**ACTIVITY**.
Exactly the lines from the start of the data below through the line that contains "Floor plan, 1 Bed, 868 sq ft" are to be copied, with pictures left out.

**MATERIAL SHOWN**.
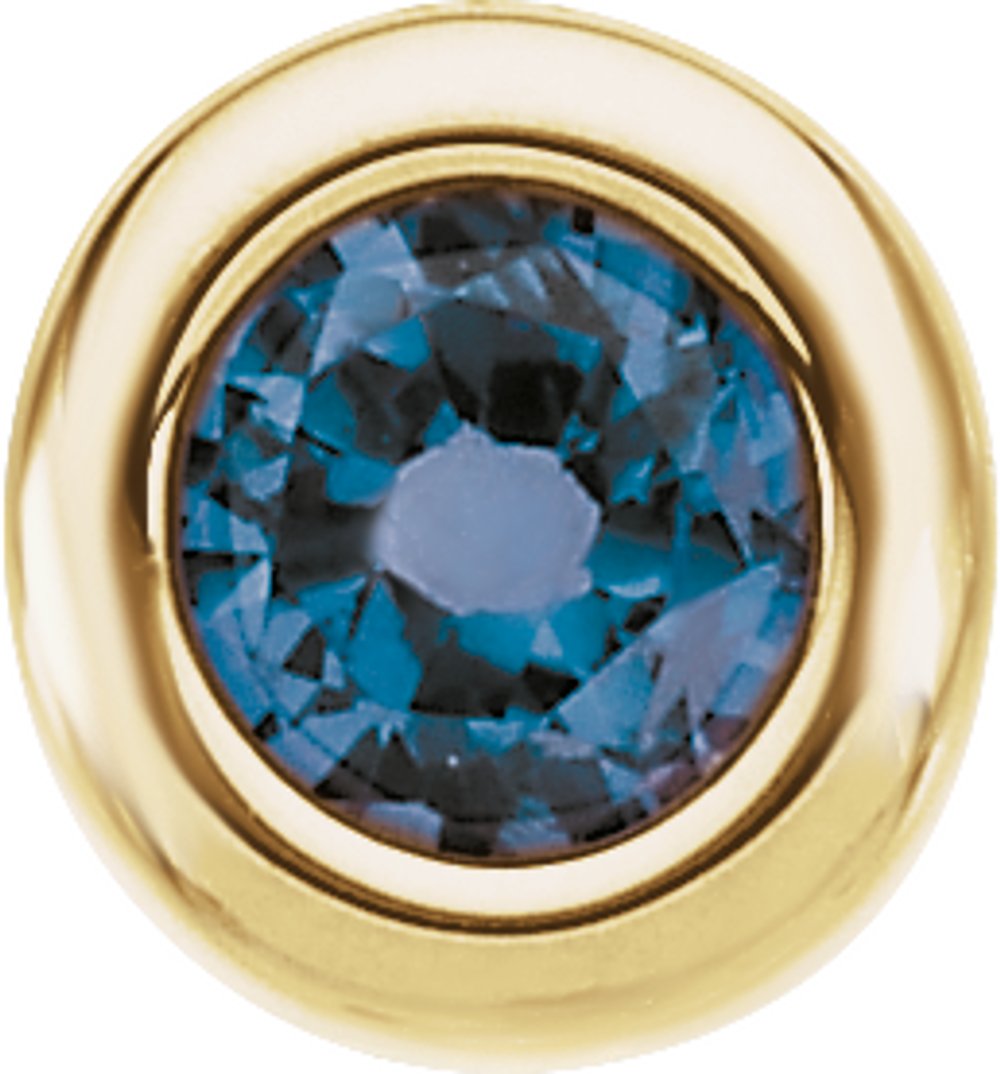 14K Yellow Gold 4 mm Imitation Blue Zircon Pendant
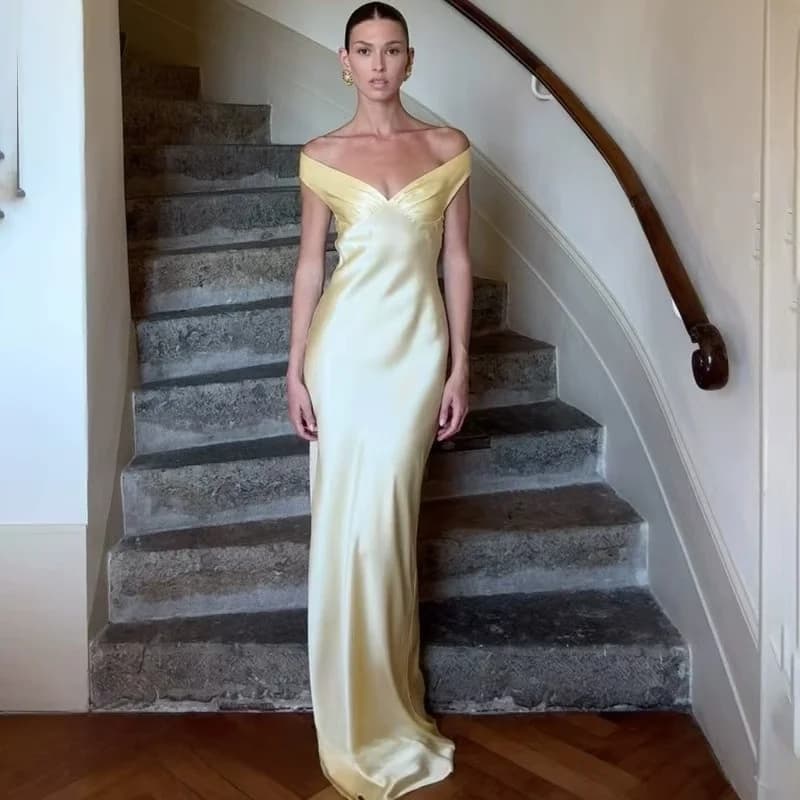 Sexy Bal Strapl Dr One oulder Abito da sera Vita alta Gonna lunga aderente A-Line Silhouette Colore Nessun marchio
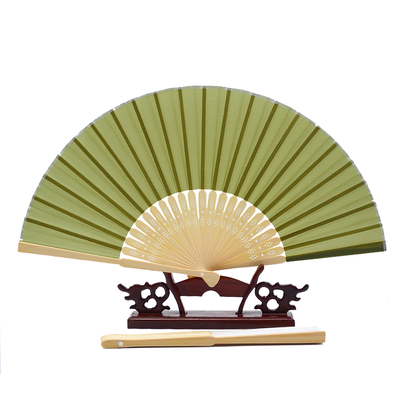Pure Green Bamboo Fan Ribs and Silk Fan Surfaces Can Be Customised with Personalised Designs for Commemorative Gifts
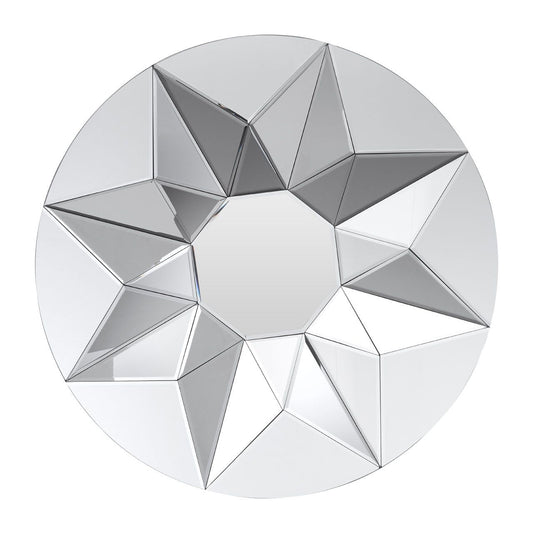 Wanda Round Wall Bedroom Mirror In Silver Frame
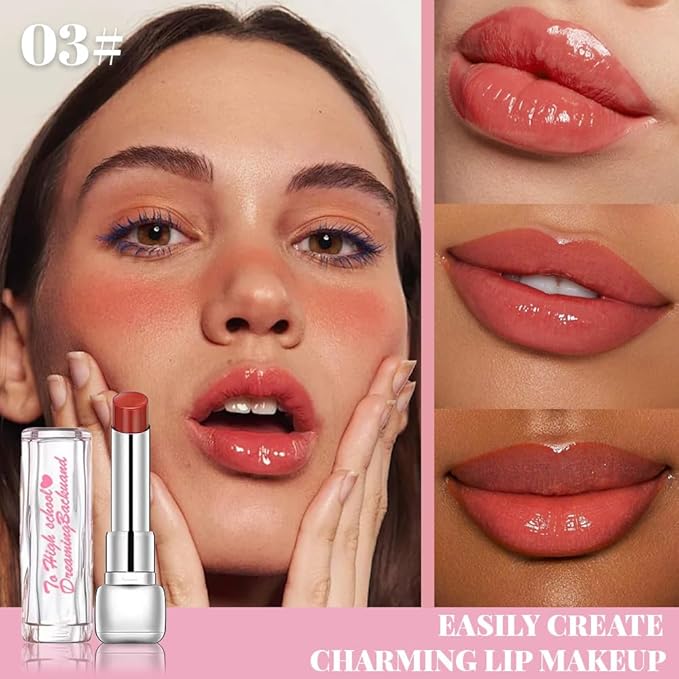 Plumper Moisturizing Butter Lipstick for Women, Natural Tinted Lip Balm Shine Nourishing Hydrating Lip Gloss Stain for Dry Lips, Lightweight Lip Liner Care Makeup, Vegan, 2Pc Rose & Brown Black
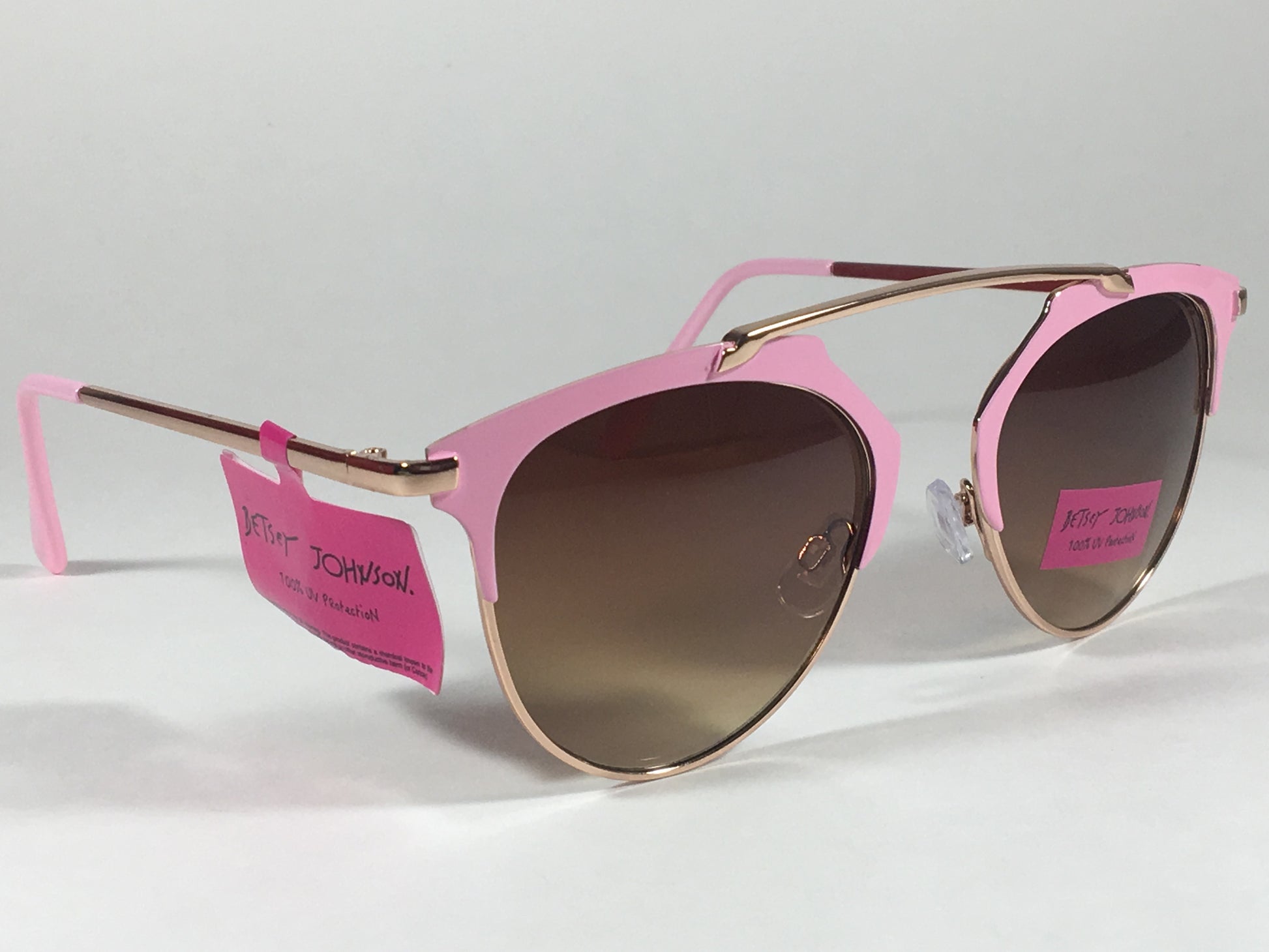 Betsey Johnson Womens Brow Sunglasses Gold Pink Brown Gradient Retro Bj475114 - Sunglasses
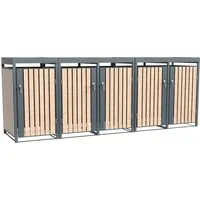 Westmann Mülltonnenbox Planta 5x 240 L Holzoptik - Außenanbau mit Pflanzdach, modern und dekorativ — die Mülltonnenbox Planta von Westmann versteckt Ihre Mülltonnen stilvoll und bietet zusätzlich Platz für Pflanzen.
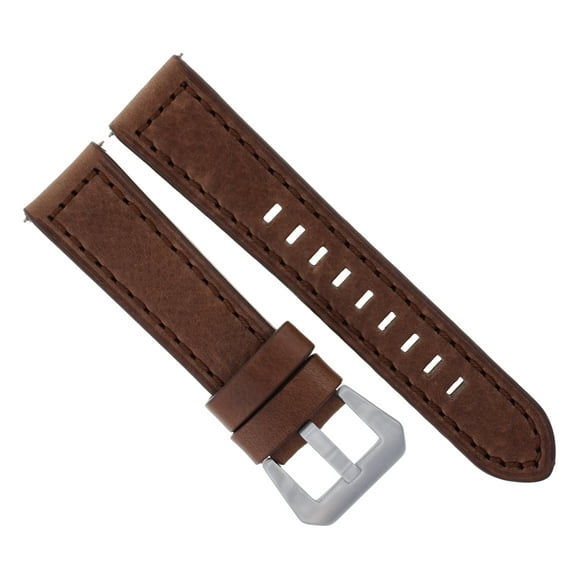 24MM LEATHER WATCH STRAP BAND FOR LUM TEC WATCH M51 M47 M44 M43 M3 LONG D/BROWN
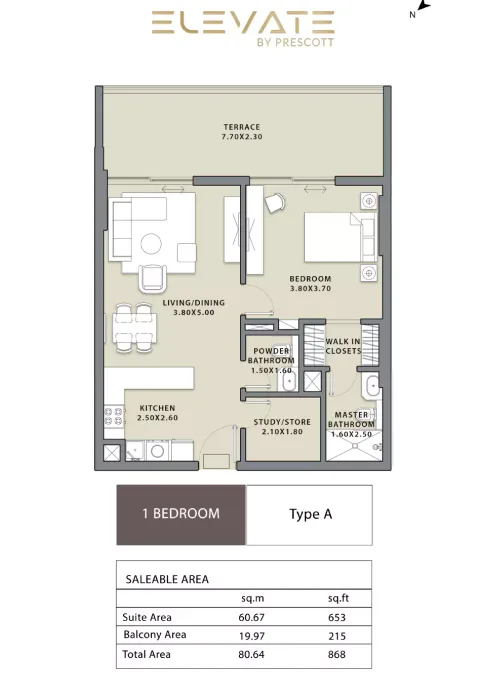 Floor plan, 1 Bed, 868 sq ft
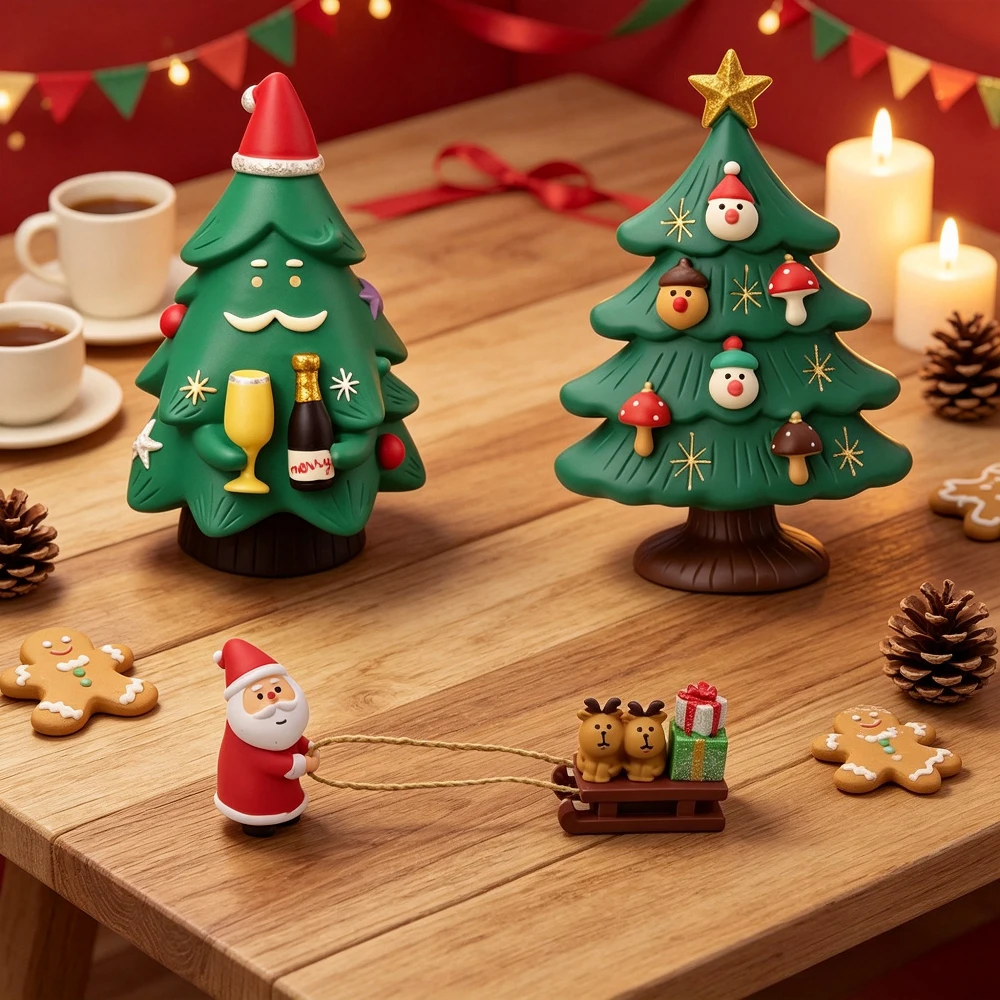 Linda Figura de Resina de Reno de Santa Claus en Trineo, Mini Decoración Navideña para Mesa, Pequeño Adorno de Escritorio para Navidad, Centro de Mesa, Regalo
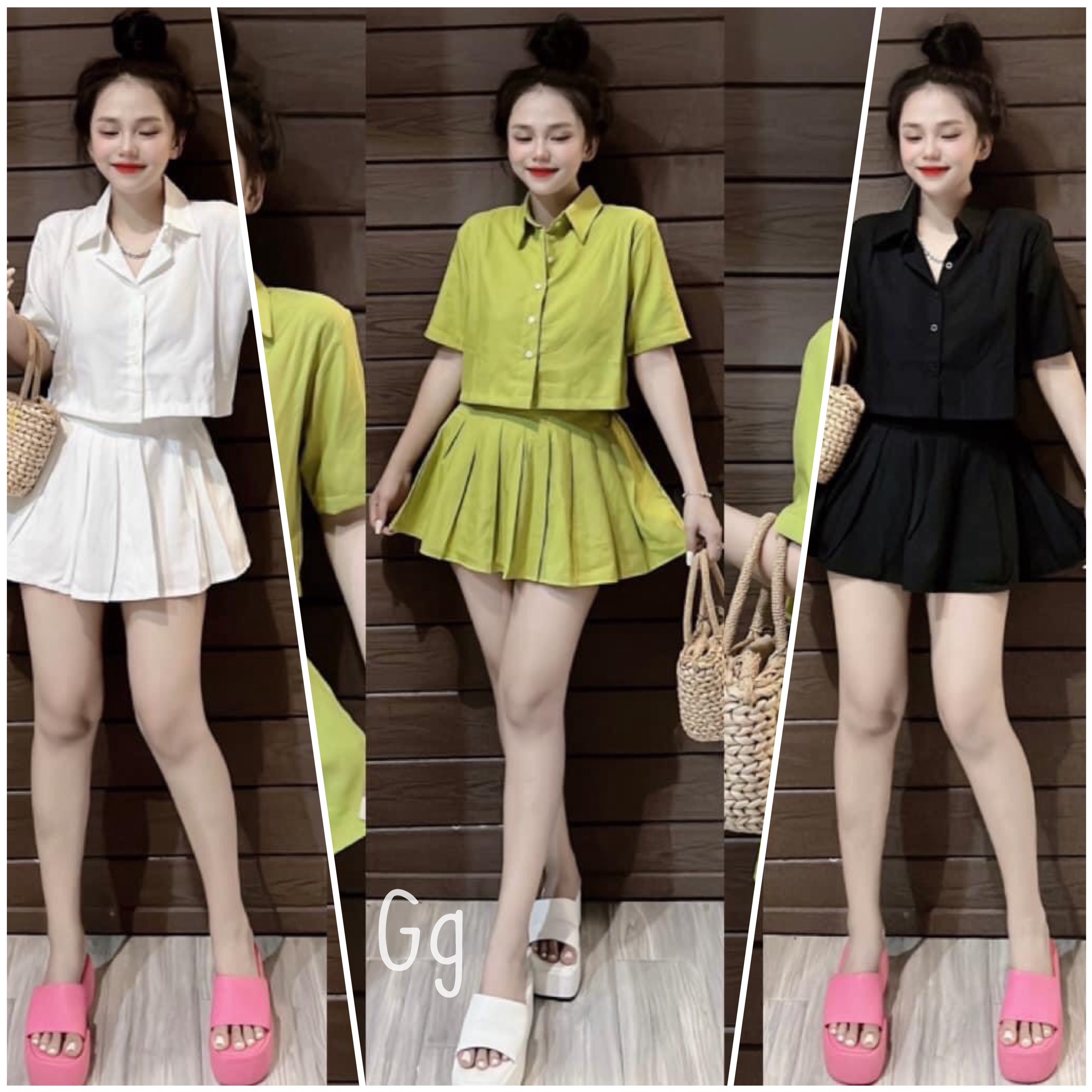 Set Áo Croptop Tay Lỡ Và Chân Váy Xếp Ly - Ausa House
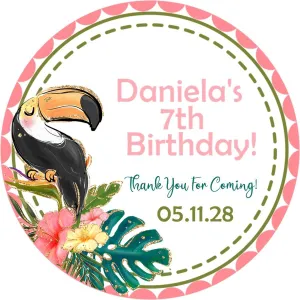 Tropical Luau Toucan Birthday Stickers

**ANSWER**.
 14K Yellow Gold 4 mm Imitation Blue Zircon Pendant
 Sexy Bal Strapl Dr One oulder Abito da sera Vita alta Gonna lunga aderente A-Line Silhouette Colore Nessun marchio
Pure Green Bamboo Fan Ribs and Silk Fan Surfaces Can Be Customised with Personalised Designs for Commemorative Gifts
 Wanda Round Wall Bedroom Mirror In Silver Frame
 Plumper Moisturizing Butter Lipstick for Women, Natural Tinted Lip Balm Shine Nourishing Hydrating Lip Gloss Stain for Dry Lips, Lightweight Lip Liner Care Makeup, Vegan, 2Pc Rose & Brown Black
 Betsey Johnson Womens Brow Sunglasses Gold Pink Brown Gradient Retro Bj475114 - Sunglasses
 Westmann Mülltonnenbox Planta 5x 240 L Holzoptik - Außenanbau mit Pflanzdach, modern und dekorativ — die Mülltonnenbox Planta von Westmann versteckt Ihre Mülltonnen stilvoll und bietet zusätzlich Platz für Pflanzen.
 24MM LEATHER WATCH STRAP BAND FOR LUM TEC WATCH M51 M47 M44 M43 M3 LONG D/BROWN
 Floor plan, 1 Bed, 868 sq ft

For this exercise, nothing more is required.